[製品サーベイ]

メインフレーム最新事情(国産編) 外部連携や災害対策を強化

2013年9月17日(火)志度 昌宏(IT Leaders編集部)

「月額使用料は数百万円から」が相場のメインフレーム市場にあって、日本IBMが買取価格を790万円からにした製品を発表した。ビッグデータ処理やモバイル連携などにも対応し、クラウドの高可用性基盤としての地位確立を目指す。他社を含め、メインフレームの最新事情を調べた。以下では、NEC、日立製作所、富士通の国産ベンダー3社の製品を紹介する。

新規アプリはオープンシステムに委ねる国産勢

 IBMとユニシスが進める、オープンシステムとのハイブリッド化やシステム/アーキテクチャのFBA(Fabric based Architecture)対応(関連記事『クラウド時代のメインフレーム像(海外ベンダー編)』)。こうした動きに対し、富士通、日立製作所、NECの国産メインフレーマ3社は模様眺めの様相だ(表)。

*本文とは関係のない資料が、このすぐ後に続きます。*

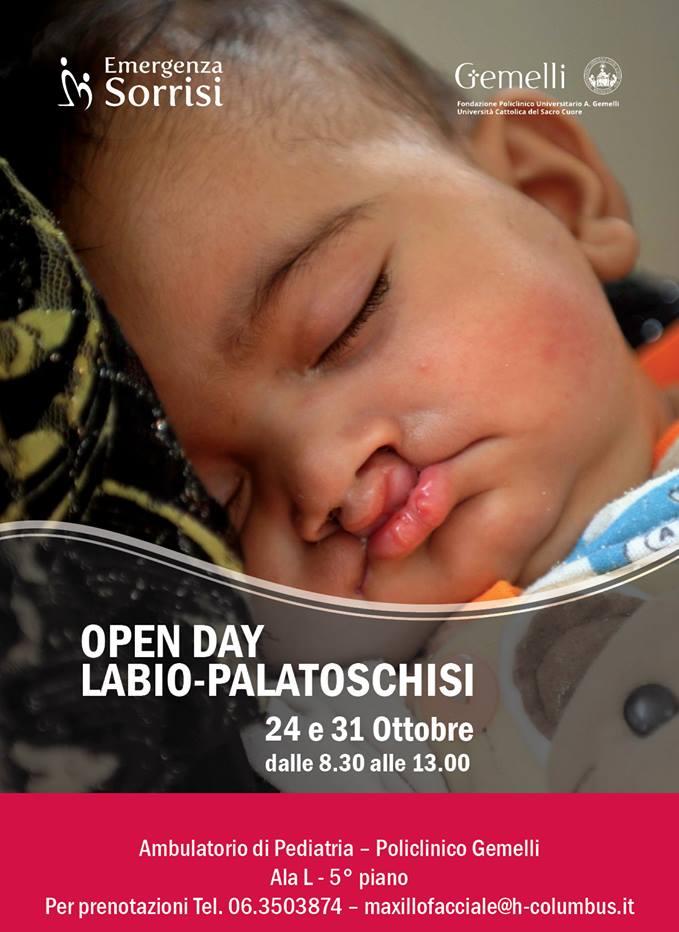 Policlinico Gemelli: open day labio-palatoschisi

表:日本で販売されている主なメインフレームの最新機種または旗艦機種の主な仕様

 各社ともに、「最先端のアプリケーションには、オープン・サーバーで対応する。メインフレームは既存資産をしっかりと守り、両者の連携により企業が求めるシステムを実現していく」のが基本的な考えだ。3~4年周期のモデルチェンジを想定している(図3)。

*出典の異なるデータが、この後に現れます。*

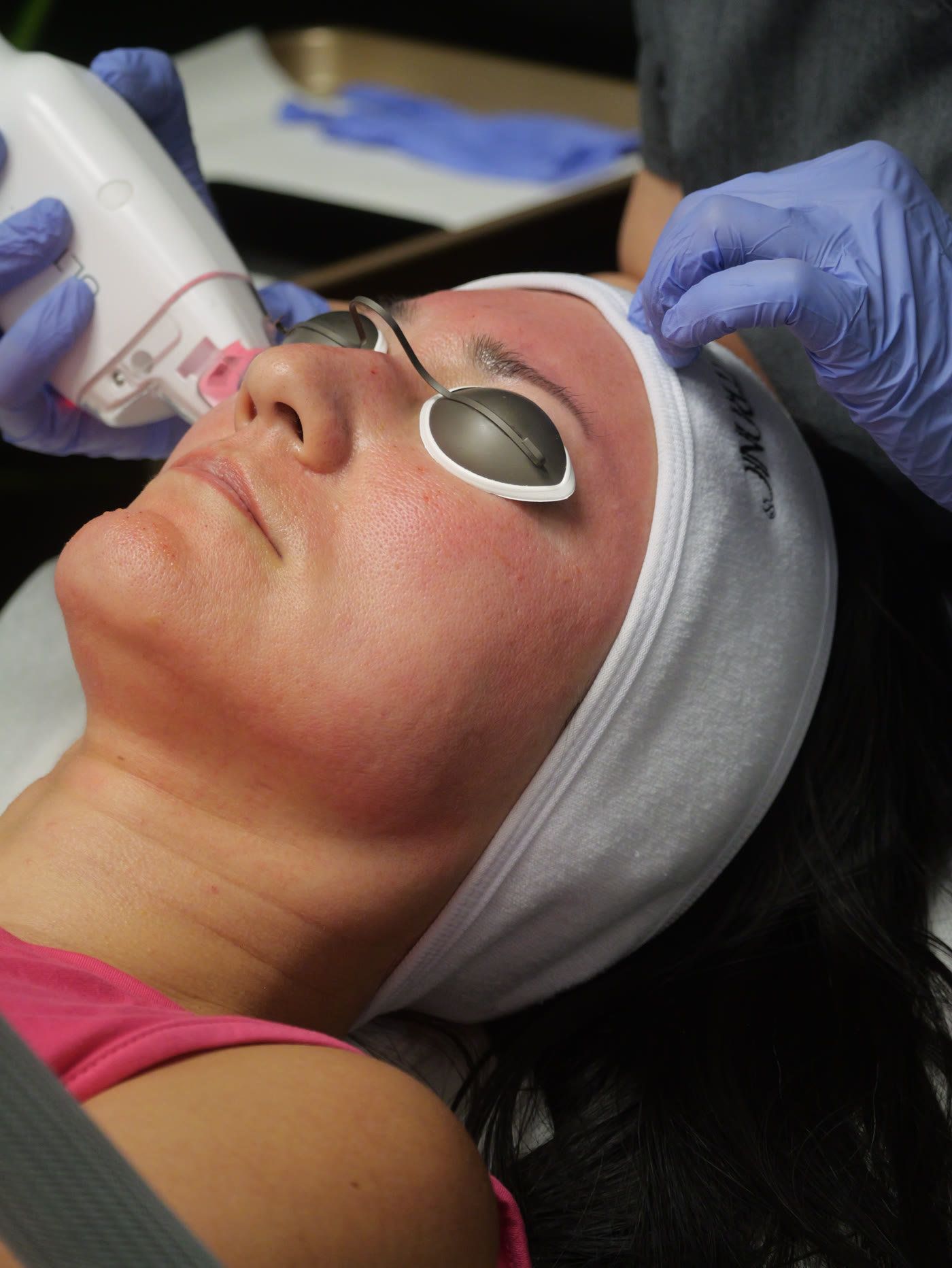 Ultra LaseMD laser resurfacing treatment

図3:国産メインフレーマ3社は、メインフレーム環境とオープン環境を分け、アプリケーションニーズに合わせて両者を連携させる

図3:国産メインフレーマ3社は、メインフレーム環境とオープン環境を分け、
アプリケーションニーズに合わせて両者を連携させる


その過程で各社が共通に強化を継続するのが、CPU性能の向上と災害対策機能の強化だ。既存資産の保護を最優先し新規アプリケーションが増えないメインフレームでは、CPU能力は横ばいで十分だとも言える。CPU性能を高めたメリットは、設置面積の縮小や、冷却装置の小型化・廃止による電力使用量の削減などに利用する。